#### [The task]
Starting at the line below with "Milagro подвесной светильник" and stopping at the line with "Lova Su Spyruoklėmis", please print each line exactly, those two included, and skip every picture.

#### [Data listing]
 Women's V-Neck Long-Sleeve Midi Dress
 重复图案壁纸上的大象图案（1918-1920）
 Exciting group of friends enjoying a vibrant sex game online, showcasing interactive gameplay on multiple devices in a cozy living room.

==

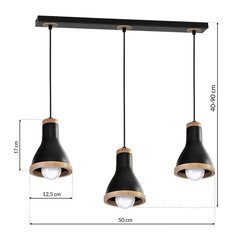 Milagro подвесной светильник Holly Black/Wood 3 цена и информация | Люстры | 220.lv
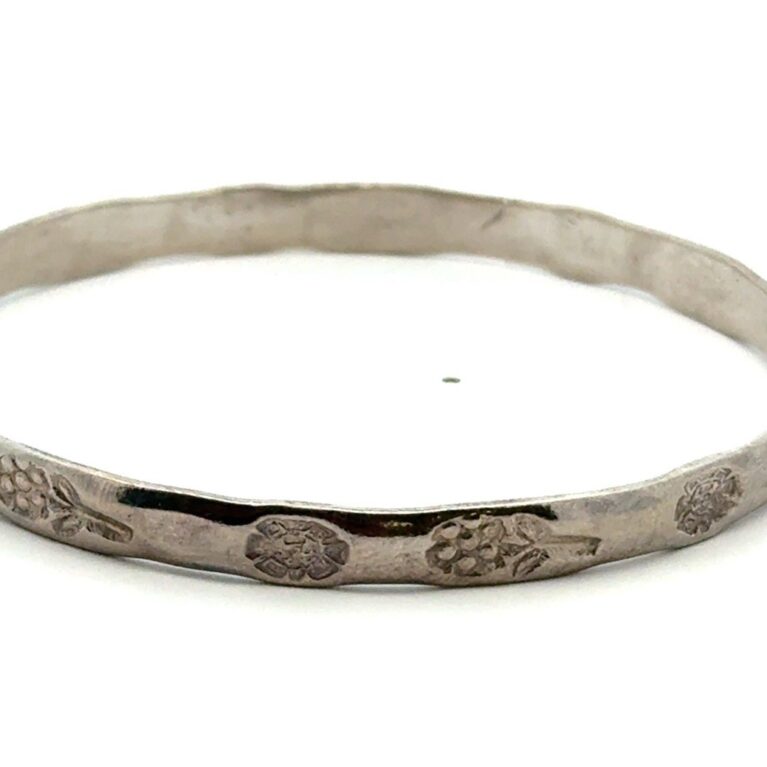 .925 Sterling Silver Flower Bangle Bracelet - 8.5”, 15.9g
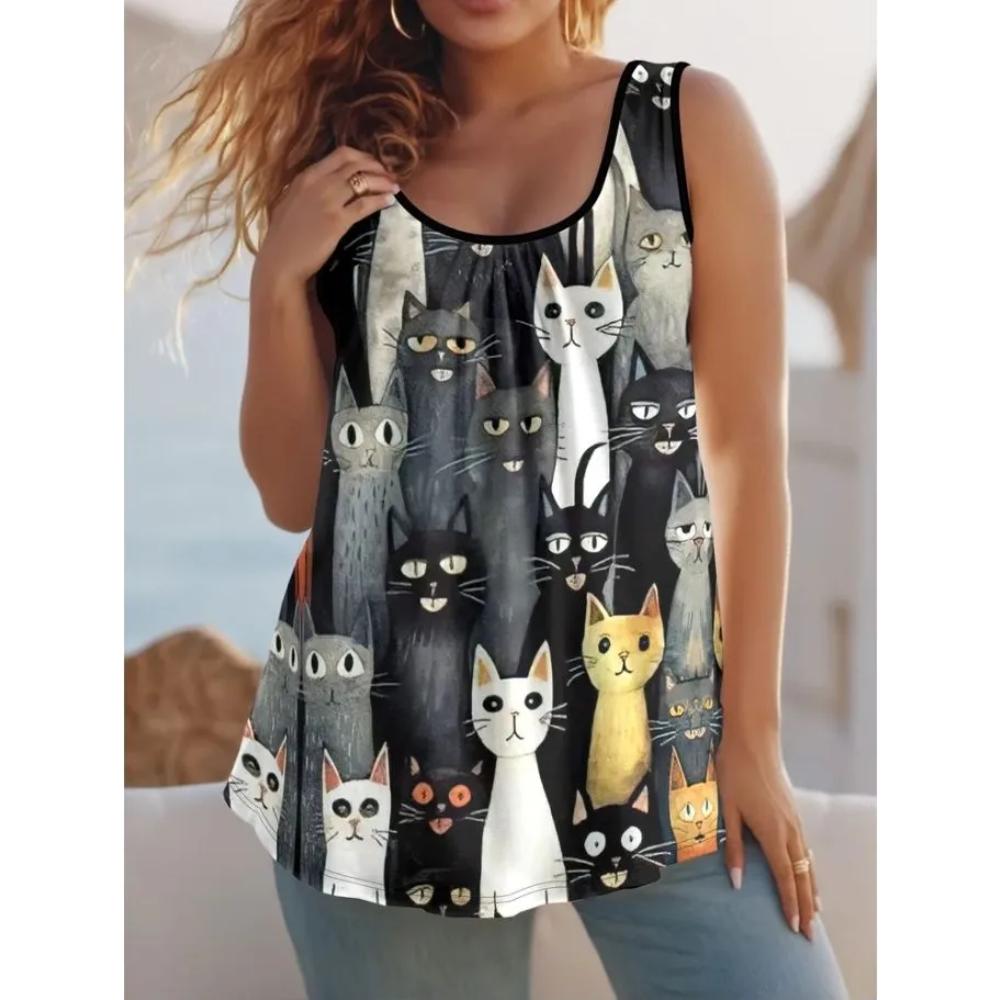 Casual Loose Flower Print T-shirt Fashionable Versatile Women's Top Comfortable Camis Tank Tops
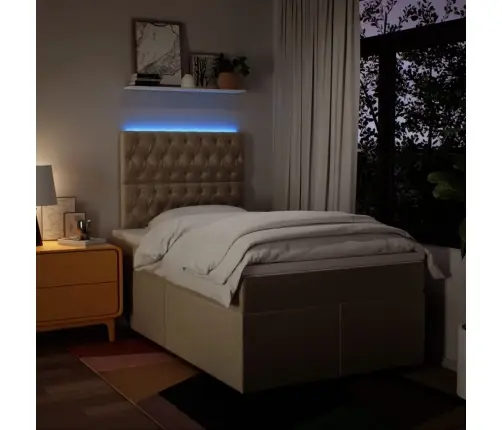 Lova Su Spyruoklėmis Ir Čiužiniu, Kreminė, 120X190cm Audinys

#### [Response to this exercise]
 Milagro подвесной светильник Holly Black/Wood 3 цена и информация | Люстры | 220.lv
 .925 Sterling Silver Flower Bangle Bracelet - 8.5”, 15.9g
 Casual Loose Flower Print T-shirt Fashionable Versatile Women's Top Comfortable Camis Tank Tops
 Lova Su Spyruoklėmis Ir Čiužiniu, Kreminė, 120X190cm Audinys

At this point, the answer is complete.